Problem to work on | The lines to return are those below that contain the word "Toyota".

───── Data supplied ─────

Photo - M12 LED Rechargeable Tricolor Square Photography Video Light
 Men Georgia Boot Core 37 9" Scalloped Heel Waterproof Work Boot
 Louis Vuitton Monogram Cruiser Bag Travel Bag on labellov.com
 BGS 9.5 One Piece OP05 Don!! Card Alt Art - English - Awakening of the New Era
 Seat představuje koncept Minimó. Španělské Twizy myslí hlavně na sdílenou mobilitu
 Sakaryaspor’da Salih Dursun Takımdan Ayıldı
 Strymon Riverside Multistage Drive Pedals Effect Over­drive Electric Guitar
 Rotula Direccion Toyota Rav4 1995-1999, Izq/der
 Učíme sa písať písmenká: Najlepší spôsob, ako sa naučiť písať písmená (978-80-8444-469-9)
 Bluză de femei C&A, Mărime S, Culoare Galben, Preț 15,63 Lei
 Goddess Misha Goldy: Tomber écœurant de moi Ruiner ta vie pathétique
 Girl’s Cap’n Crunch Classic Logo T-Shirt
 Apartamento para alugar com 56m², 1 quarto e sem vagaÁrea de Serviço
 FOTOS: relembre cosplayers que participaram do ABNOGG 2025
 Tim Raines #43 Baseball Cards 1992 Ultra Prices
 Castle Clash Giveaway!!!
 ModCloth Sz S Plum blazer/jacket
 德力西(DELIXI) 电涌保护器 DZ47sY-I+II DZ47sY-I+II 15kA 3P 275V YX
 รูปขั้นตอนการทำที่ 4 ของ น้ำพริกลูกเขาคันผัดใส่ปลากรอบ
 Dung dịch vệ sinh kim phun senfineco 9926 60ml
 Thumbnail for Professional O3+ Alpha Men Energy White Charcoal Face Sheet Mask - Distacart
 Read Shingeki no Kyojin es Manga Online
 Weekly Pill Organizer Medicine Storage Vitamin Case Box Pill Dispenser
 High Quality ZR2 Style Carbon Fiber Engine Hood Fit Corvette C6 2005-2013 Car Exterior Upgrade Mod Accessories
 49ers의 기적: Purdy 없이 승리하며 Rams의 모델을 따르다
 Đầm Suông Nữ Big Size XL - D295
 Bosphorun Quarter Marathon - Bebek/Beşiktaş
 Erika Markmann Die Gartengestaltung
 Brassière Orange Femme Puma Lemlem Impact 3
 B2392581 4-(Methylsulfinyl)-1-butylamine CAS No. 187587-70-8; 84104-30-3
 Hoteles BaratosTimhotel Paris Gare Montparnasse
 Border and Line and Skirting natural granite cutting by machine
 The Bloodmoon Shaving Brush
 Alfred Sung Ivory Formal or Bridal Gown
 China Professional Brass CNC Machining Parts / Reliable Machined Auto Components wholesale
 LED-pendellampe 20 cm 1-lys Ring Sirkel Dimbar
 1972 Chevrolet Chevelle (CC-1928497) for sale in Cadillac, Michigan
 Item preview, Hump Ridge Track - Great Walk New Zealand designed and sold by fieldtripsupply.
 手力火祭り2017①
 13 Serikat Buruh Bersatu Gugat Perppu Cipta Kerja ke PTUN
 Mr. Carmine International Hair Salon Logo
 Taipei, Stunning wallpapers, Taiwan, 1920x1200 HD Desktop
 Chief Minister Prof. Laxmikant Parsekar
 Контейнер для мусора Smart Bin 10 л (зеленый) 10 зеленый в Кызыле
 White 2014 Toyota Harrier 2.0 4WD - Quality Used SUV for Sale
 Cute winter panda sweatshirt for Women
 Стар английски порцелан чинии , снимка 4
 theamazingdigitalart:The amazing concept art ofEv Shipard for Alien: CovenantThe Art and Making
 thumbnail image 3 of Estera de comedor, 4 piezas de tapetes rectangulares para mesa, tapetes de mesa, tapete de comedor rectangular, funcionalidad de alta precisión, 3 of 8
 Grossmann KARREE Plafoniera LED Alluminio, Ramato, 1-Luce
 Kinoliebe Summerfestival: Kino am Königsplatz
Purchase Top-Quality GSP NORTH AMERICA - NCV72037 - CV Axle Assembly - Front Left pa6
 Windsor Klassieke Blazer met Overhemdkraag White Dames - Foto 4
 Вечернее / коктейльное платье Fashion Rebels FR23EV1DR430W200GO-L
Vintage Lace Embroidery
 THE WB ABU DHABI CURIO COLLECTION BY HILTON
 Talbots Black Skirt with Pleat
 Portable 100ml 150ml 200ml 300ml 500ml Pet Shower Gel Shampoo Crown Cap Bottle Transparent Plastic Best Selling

─────

Response area |
 Rotula Direccion Toyota Rav4 1995-1999, Izq/der
 White 2014 Toyota Harrier 2.0 4WD - Quality Used SUV for Sale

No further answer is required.